If school integration had fulfilled its promise, as it might have done, academic achievement would now be more randomly distributed among social groups. There would be far less need for affirmative action in college admissions. It is one of the tragic ironies of the past half century that the desegregation of public schools occurred just when, after many decades of teacher indoctrination, progressivism successfully abolished an emphasis on traditional academic content. By the 1970s and 1980s the public schools into which black and white first graders were integrated were places where the cultural lore necessary to full participation in society was inconsistently taught. Some children were exposed to the necessary vocabulary and knowledge at home. Those who lacked exposure to literate culture outside school received it nowhere. At the moment of highest hope, the triumph of antiacademic romanticism foreclosed the chance that school integration would equalize academic achievement and foster social justice.
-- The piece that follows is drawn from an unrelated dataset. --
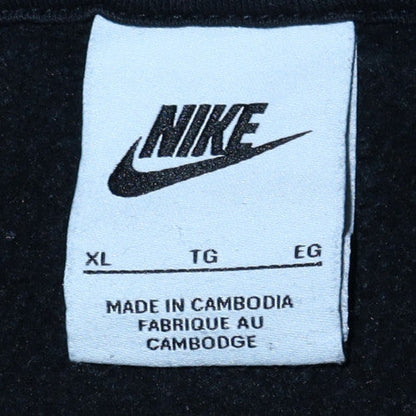Mens UK Size XL Nike Black Pullover Hoodie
For Jefferson, Mann, and Du Bois, the animating purpose of democratic education was to make everyone’s life chances independent of who one’s parents were. They knew only one way to do this—through the device of the "common school" with a common curriculum. Each child in a grade must learn what he or she needs to know in order to be ready to learn the lessons of the next grade. Education is a slow and cumulative process. Knowledge builds upon knowledge, skill upon skill. With an effective curriculum and hard work, the children of the poor can catch up with the children of the rich.
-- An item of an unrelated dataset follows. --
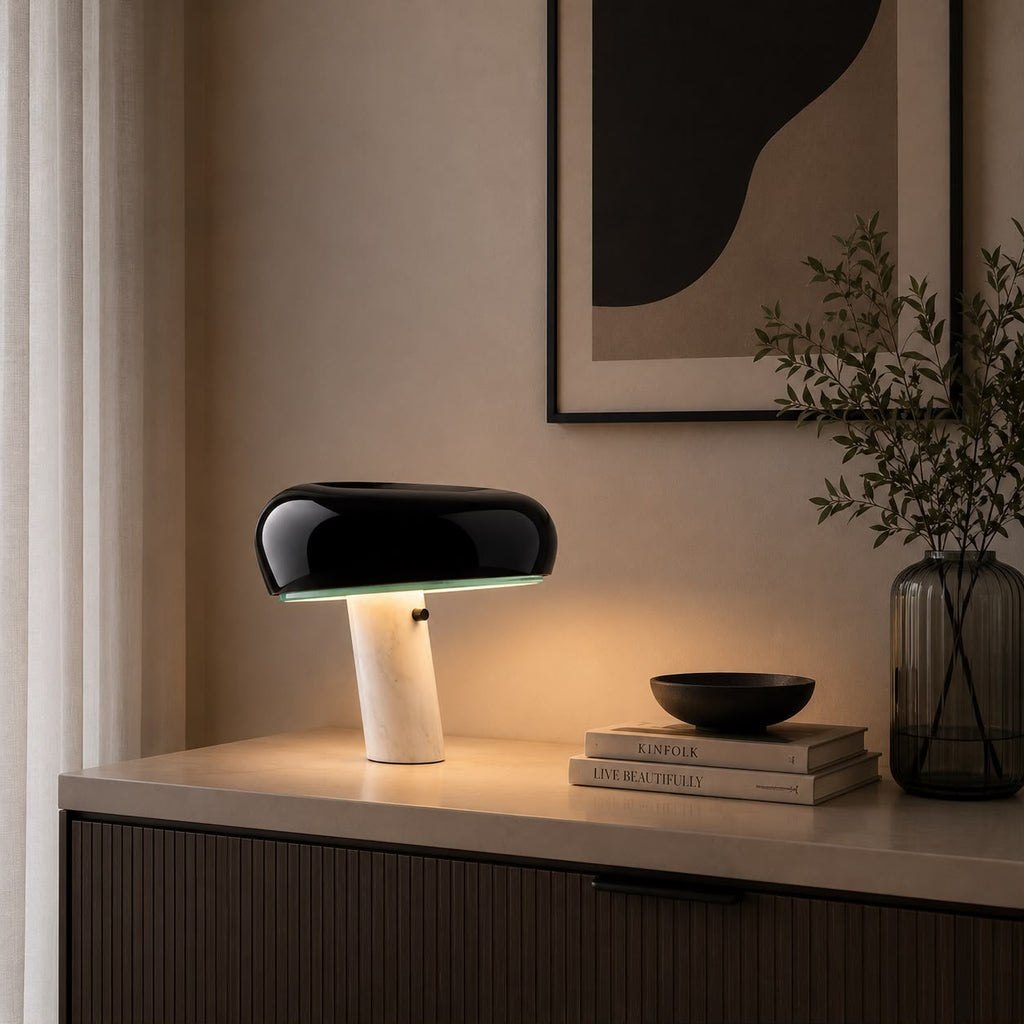 Lampe de Table Snoopy Noir Marbre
Du Bois was himself the product of the New England common school and would have scorned the sentimental notion that each child should have his or her own special curriculum suited to his or her personality. Yet a recent issue of the widely read professional magazine Educational Leadership once again attacks such commonality in favor of the romantic ideal of "personalized learning." All innocent of the irony, the editors have placed on the cover a photograph of a young African-American boy. "Common learning" would have been a better theme. The re-creation of the common school is the chief unfinished business of the civil rights movement. Public education in a democracy has no more right to segregated knowledge than to segregated schools.